__Task__. From start to end, write out the following data exactly, apart from its images.

::: Provided data :::

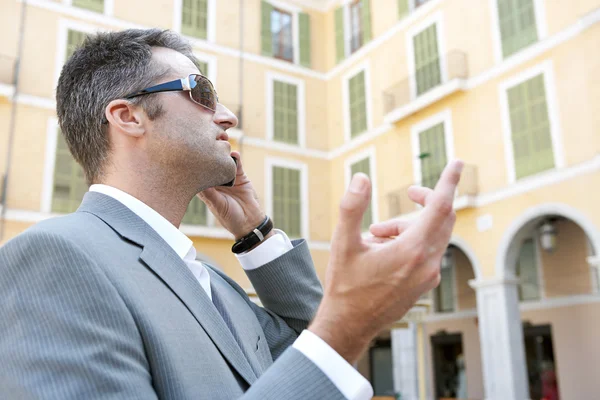 Businessman using a smart phone to have a conversation — Stock Photo, Image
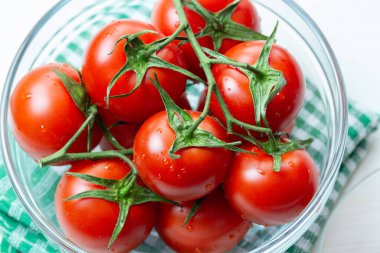 Şeffaf cam kasede su damlaları olan kırmızı domates dalıyla, üst manzara. Olgun doğal organik sebze domatesleri.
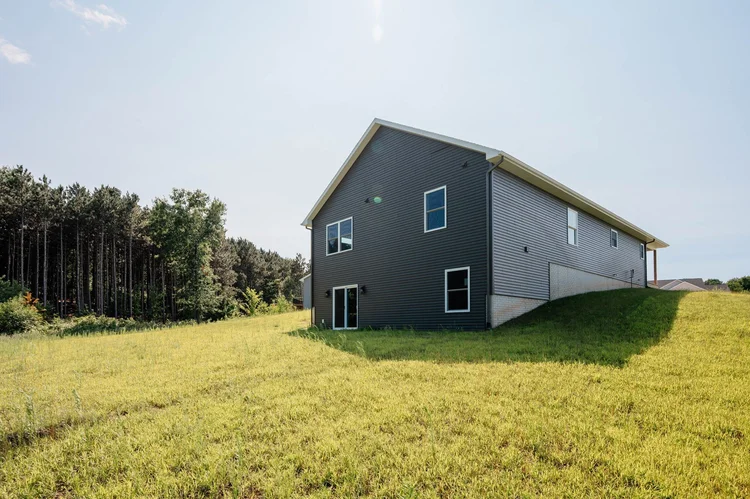 Rear corner of home showing walkout lower level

:::

__Answer to the exercise__.
 Businessman using a smart phone to have a conversation — Stock Photo, Image
 Şeffaf cam kasede su damlaları olan kırmızı domates dalıyla, üst manzara. Olgun doğal organik sebze domatesleri.
 Rear corner of home showing walkout lower level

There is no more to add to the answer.